Time and place: September 30th, 13:15, room T5 (CS Otaniemi) and zoom
Speaker: Toni Karvonen, Lappeenranta–Lahti University of Technology LUT
Title: Probabilistic Richardson extrapolation
Abstract: Richardson extrapolation is a classical technique to accelerate the rate of convergence of a numerical method. For example, Romberg's method uses Richardson extrapolation to estimate integrals and the Bulirsch–Stoer algorithm to solve ordinary differential equations. We use a probabilistic Richardson extrapolation method based on Gaussian processes that unifies classical extrapolation methods with multi-fidelity modelling and handles uncertain convergence orders by allowing these to be statistically estimated. Moreover, the probabilistic formulation enables statistical experimental design. We prove that the method achieves a polynomial speed-up compared to the original numerical method and apply it to cardiac modelling.
Preprint: C. J. Oates, T. Karvonen, A. L. Teckentrup, M. Strocchi & S. A. Niederer (2024). Probabilistic Richardson extrapolation. arXiv:2401.07562.

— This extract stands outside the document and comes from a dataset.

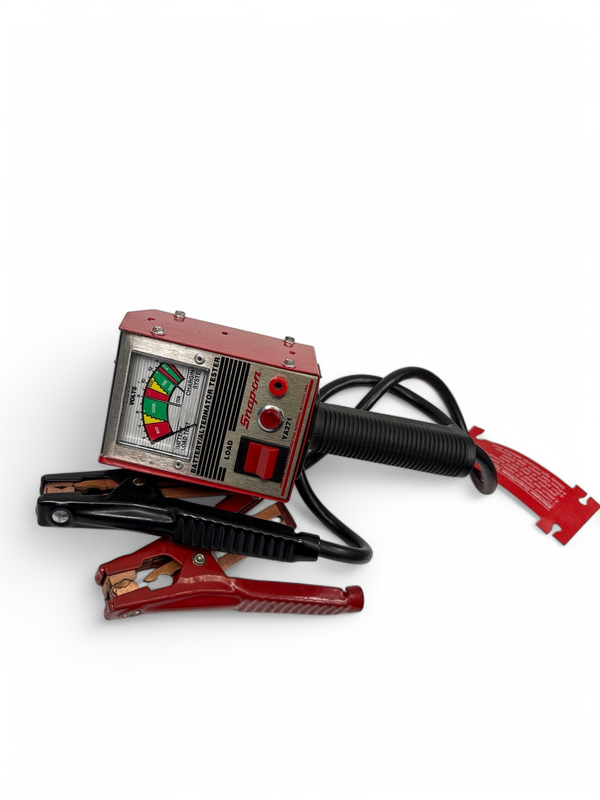 Snap On Battery & Alternator Tester, YA271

Bio: Toni Karvonen has been an Associate Professor in applied mathematics at the Lappeenranta–Lahti University of Technology LUT since September 2024. He obtained an MSc in applied mathematics from the University of Helsinki in 2015 and a doctoral degree in electrical engineering from Aalto University in 2019. In 2020–21 he was a Research Fellow at the Alan Turing Institute, the UK's national institute for data science and AI located in London, and in 2021–24 an Academy Postdoctoral Researcher in the Department of Mathematics and Statistics at the University of Helsinki. His research focuses on uncertainty quantification and model misspecification in numerical analysis, statistical modelling, and machine learning.